We're looking for the extrema of [tex]x^2+y^2+z^2[/tex] subject to [tex]x+y+2z=12[/tex] and [tex]z=x^2+y^2[/tex]. The Lagrangian is
[tex]L(x,y,z,\lambda,\mu)=x^2+y^2+z^2+\lambda(x+y+2z-12)+\mu(z-x^2-y^2)[/tex]
with critical points where the partial derivatives vanish:
[tex]L_x=2x+\lambda-2\mu x=0\implies\lambda=2x(\mu-1)[/tex]
[tex]L_y=2y+\lambda-2\mu y=0\implies\lambda=2y(\mu-1)[/tex]
[tex]L_z=2z+2\lambda+\mu=0[/tex]
[tex]L_\lambda=x+y+2z-12=0[/tex]
[tex]L_\mu=z-x^2-y^2=0[/tex]
From the first two equations, it follows that [tex]x=y[/tex].
Then in the last two equations,
[tex]x+y+2z-12=0\implies x+z=6[/tex]
[tex]z-x^2-y^2=0\implies z=2x^2[/tex]
[tex]\implies x+2x^2=6\implies2x^2+x-6=(2x-3)(x+2)=0\implies x=\dfrac32\text{ or }x=-2[/tex]
If [tex]x=\frac32[/tex], then [tex]z=6-\frac32=\frac92[/tex]; if [tex]x=-2[/tex], then [tex]z=8[/tex].

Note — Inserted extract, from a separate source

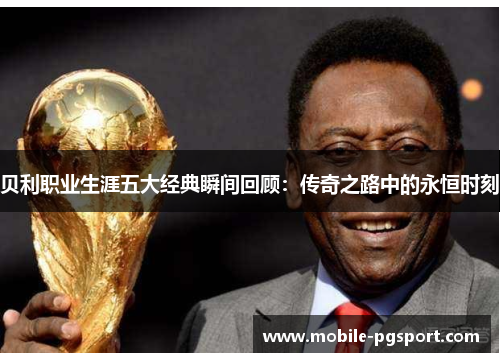 贝利职业生涯五大经典瞬间回顾:传奇之路中的永恒时刻 贝利职业生涯五大经典瞬间回顾:传奇之路中的永恒时刻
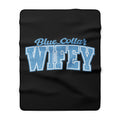 Blue Collar Wifey Sherpa Fleece Blanket — Cozy Gift for Wife, Mother’s Day & Anniversary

So there are two critical points, [tex]\left(\frac32,\frac32,\frac92\right)[/tex] and [tex](-2,-2,8)[/tex].
Let [tex]f(x,y,z)=\sqrt{x^2+y^2+z^2}[/tex]. We have a minimum distance of [tex]f\left(\frac32,\frac32,\frac92\right)=\boxed{\frac{3\sqrt{11}}2}[/tex] and maximum distance of [tex]f(-2,-2,8)=\boxed{6\sqrt2}[/tex].